─── Records for the task ───

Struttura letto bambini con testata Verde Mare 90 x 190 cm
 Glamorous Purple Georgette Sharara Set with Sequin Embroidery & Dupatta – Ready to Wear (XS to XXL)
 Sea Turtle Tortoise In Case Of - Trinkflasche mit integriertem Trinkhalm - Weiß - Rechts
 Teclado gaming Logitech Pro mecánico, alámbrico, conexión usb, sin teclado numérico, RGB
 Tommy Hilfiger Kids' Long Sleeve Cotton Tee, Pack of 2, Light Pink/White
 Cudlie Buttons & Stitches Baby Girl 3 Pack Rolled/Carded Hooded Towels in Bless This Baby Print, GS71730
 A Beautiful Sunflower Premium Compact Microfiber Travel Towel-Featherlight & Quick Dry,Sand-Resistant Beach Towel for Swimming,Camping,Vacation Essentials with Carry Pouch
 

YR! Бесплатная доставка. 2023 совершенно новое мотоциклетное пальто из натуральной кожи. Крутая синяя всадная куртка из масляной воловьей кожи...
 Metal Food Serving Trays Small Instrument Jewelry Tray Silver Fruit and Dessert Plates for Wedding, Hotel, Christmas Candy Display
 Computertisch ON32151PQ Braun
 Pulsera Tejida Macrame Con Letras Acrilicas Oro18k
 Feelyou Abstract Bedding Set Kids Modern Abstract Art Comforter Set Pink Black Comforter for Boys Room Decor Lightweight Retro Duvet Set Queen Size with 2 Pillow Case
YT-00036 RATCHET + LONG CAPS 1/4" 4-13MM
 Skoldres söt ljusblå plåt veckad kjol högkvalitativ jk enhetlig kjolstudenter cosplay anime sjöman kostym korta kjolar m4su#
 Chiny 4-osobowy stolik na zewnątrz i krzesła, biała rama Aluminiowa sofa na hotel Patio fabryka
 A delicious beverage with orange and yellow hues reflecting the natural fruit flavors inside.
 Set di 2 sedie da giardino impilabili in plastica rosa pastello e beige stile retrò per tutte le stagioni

───

▸ **Exercise instructions**: Reproduce all of the entries verbatim.

▸ **Expected answer**:
Struttura letto bambini con testata Verde Mare 90 x 190 cm
 Glamorous Purple Georgette Sharara Set with Sequin Embroidery & Dupatta – Ready to Wear (XS to XXL)
 Sea Turtle Tortoise In Case Of - Trinkflasche mit integriertem Trinkhalm - Weiß - Rechts
 Teclado gaming Logitech Pro mecánico, alámbrico, conexión usb, sin teclado numérico, RGB
 Tommy Hilfiger Kids' Long Sleeve Cotton Tee, Pack of 2, Light Pink/White
 Cudlie Buttons & Stitches Baby Girl 3 Pack Rolled/Carded Hooded Towels in Bless This Baby Print, GS71730
 A Beautiful Sunflower Premium Compact Microfiber Travel Towel-Featherlight & Quick Dry,Sand-Resistant Beach Towel for Swimming,Camping,Vacation Essentials with Carry Pouch
 

YR! Бесплатная доставка. 2023 совершенно новое мотоциклетное пальто из натуральной кожи. Крутая синяя всадная куртка из масляной воловьей кожи...
 Metal Food Serving Trays Small Instrument Jewelry Tray Silver Fruit and Dessert Plates for Wedding, Hotel, Christmas Candy Display
 Computertisch ON32151PQ Braun
 Pulsera Tejida Macrame Con Letras Acrilicas Oro18k
 Feelyou Abstract Bedding Set Kids Modern Abstract Art Comforter Set Pink Black Comforter for Boys Room Decor Lightweight Retro Duvet Set Queen Size with 2 Pillow Case
YT-00036 RATCHET + LONG CAPS 1/4" 4-13MM
 Skoldres söt ljusblå plåt veckad kjol högkvalitativ jk enhetlig kjolstudenter cosplay anime sjöman kostym korta kjolar m4su#
 Chiny 4-osobowy stolik na zewnątrz i krzesła, biała rama Aluminiowa sofa na hotel Patio fabryka
 A delicious beverage with orange and yellow hues reflecting the natural fruit flavors inside.
 Set di 2 sedie da giardino impilabili in plastica rosa pastello e beige stile retrò per tutte le stagioni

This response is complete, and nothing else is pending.